**Material supplied:**
▬▬▬▬▬▬

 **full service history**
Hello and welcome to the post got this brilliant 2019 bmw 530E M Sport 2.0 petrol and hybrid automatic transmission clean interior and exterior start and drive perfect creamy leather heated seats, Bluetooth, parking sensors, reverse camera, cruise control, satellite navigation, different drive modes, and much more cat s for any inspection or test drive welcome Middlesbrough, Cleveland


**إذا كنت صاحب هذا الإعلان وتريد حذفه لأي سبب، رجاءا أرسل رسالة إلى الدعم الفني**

▬▬▬▬▬▬

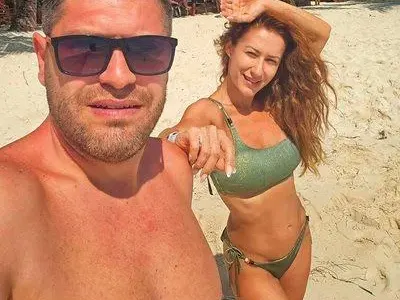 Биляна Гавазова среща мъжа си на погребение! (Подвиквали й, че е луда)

▬▬▬▬▬▬

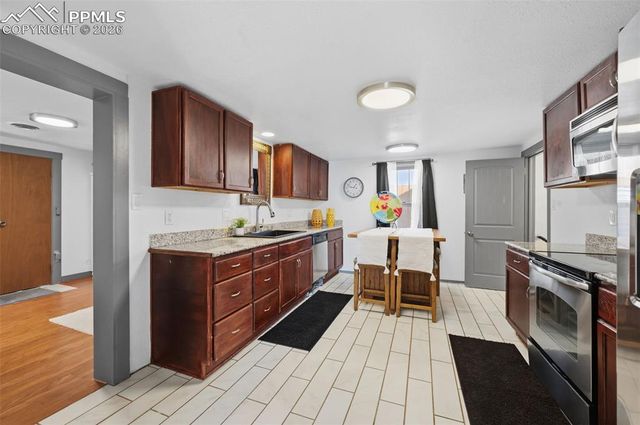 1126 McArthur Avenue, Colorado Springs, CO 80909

▬▬▬▬▬▬

**Task instructions:** Please give back exactly the lines of the listing above that run from the one containing "Hello and welcome" through the one containing "إلى الدعم الفني**", and only those.

**Result for this task:**
Hello and welcome to the post got this brilliant 2019 bmw 530E M Sport 2.0 petrol and hybrid automatic transmission clean interior and exterior start and drive perfect creamy leather heated seats, Bluetooth, parking sensors, reverse camera, cruise control, satellite navigation, different drive modes, and much more cat s for any inspection or test drive welcome Middlesbrough, Cleveland


**إذا كنت صاحب هذا الإعلان وتريد حذفه لأي سبب، رجاءا أرسل رسالة إلى الدعم الفني**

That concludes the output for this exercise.